Trzy lata temu mieszkanka Opola poinformowała swojego byłego partnera, że ma z nim dziecko. Kilka miesięcy wcześniej po blisko trzyletniej znajomości para rozstała się m.in. z powodu odległych miejsc zamieszkania. Kobieta tłumaczyła, że jej syn jest chory i w związku z tym potrzebuje pieniędzy, aby móc zapewnić dziecku opiekę medyczną oraz godne warunki życia. Mężczyzna zgodził się płacić ustaloną kwotę i wywiązywał się z tego obowiązku co miesiąc. W tej sprawie nie odbył się żaden proces, ponieważ para uznała, że woli się dogadać sama, bez udziału sądu.

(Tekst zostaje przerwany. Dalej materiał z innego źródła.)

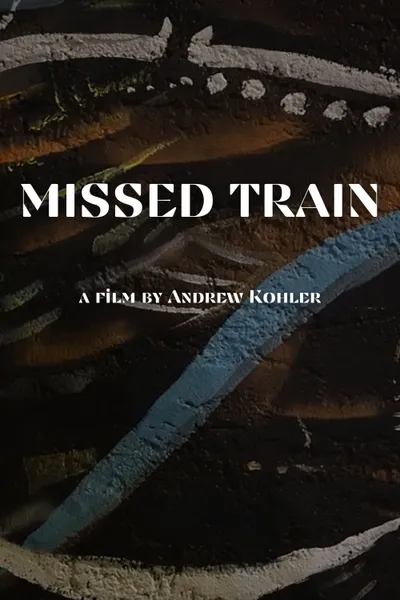 MISSED TRAIN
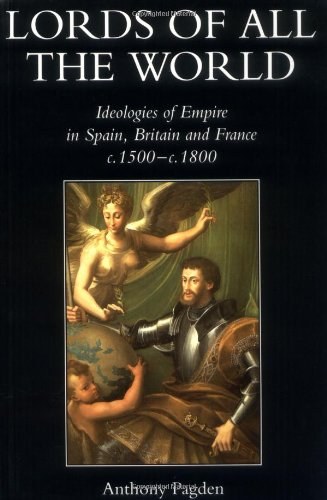 Lords of all the world : ideologies of empire in Spain, Britain and France,  c.1500-1800 /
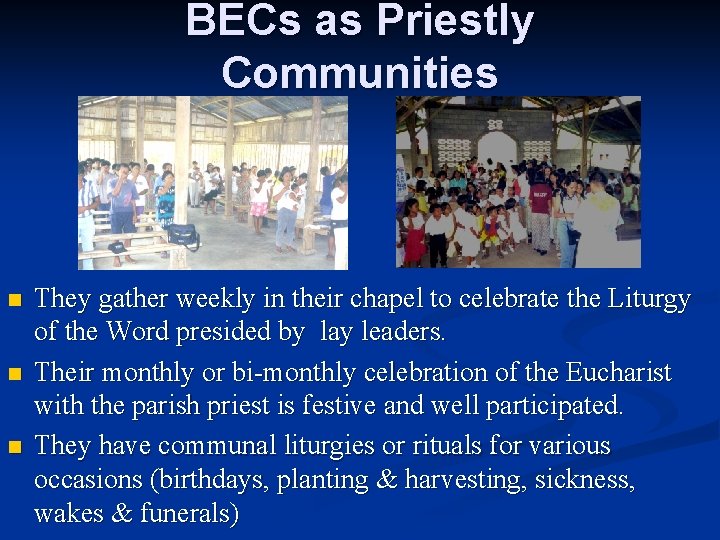 BECs as Priestly Communities n n n They gather weekly in their chapel to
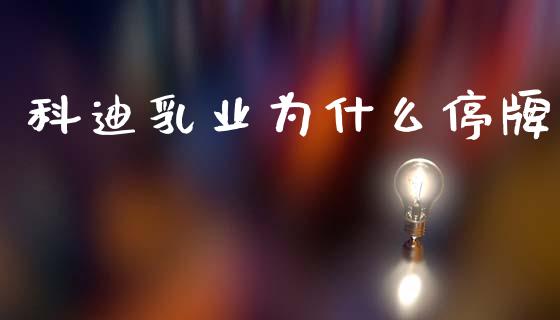 科迪乳业为什么停牌_https://www.fansifence.com_国际期货行情_第1张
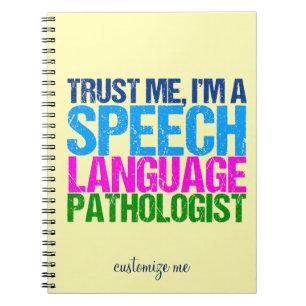 Trust Me, I'm a Speech Language Pathologist Spiral Notebook
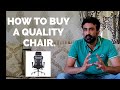 How Do I Choose A Good Quality Office Chair What Are The Qualities Of A Good Office Chair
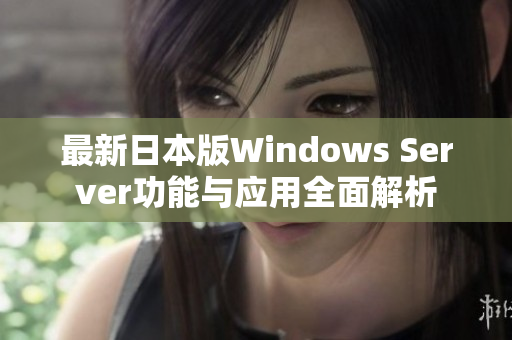 最新日本版Windows Server功能与应用全面解析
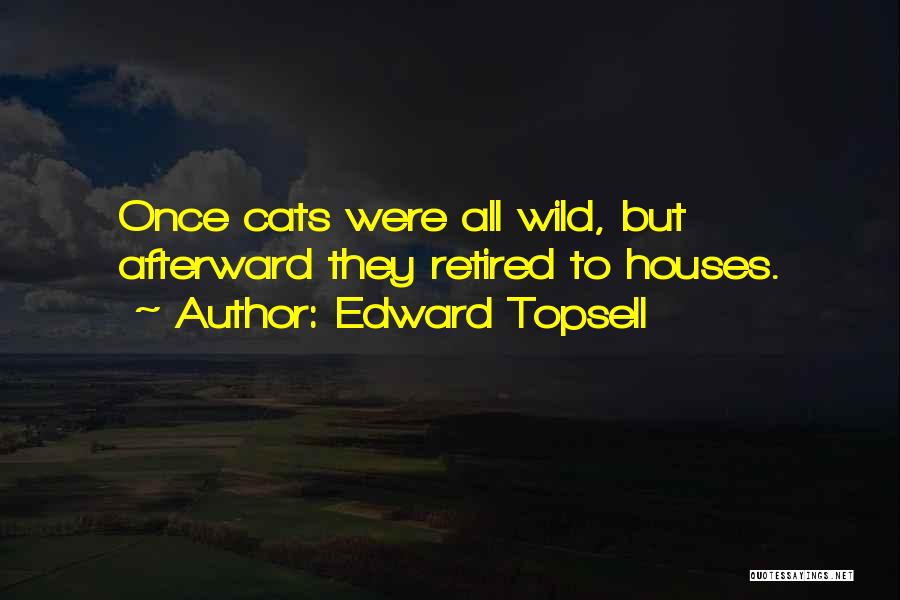 Edward Topsell Quotes 1412630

Po ponad dwóch latach mężczyzna związał się z inną kobietą, która namówiła go do tego, aby poznał swoje dziecko. Po pobieżnej analizie facebookowego profilu swojej byłej partnerki mężczyzna nabrał podejrzeń, że kobieta może go oszukiwać. Po wizycie w Opolu postanowił niezwłocznie udać się na komisariat. Okazało się, że 26-latka ma troje dzieci, jednak mężczyzna, który płacił alimenty nie jest ojcem żadnego z nich. Ponadto, żadne z dzieci nie jest chore. Młodszy aspirant Sebastian Gleń z małopolskiej policji potwierdził, że kobieta przyznała się do winy i tego, że wymyśliła sobie dziecko. Tłumaczyła, że chciała poprawić swoją sytuację materialną, ponieważ miała problem z zarobkami.
W sumie kobieta wyłudziła 20 tysięcy złotych. Za popełniony czyn grozi jej kara pozbawienia wolności w wysokości do 5 lat. Ponadto musi również oddać wszystkie pieniądze, które wyłudziła od byłego partnera.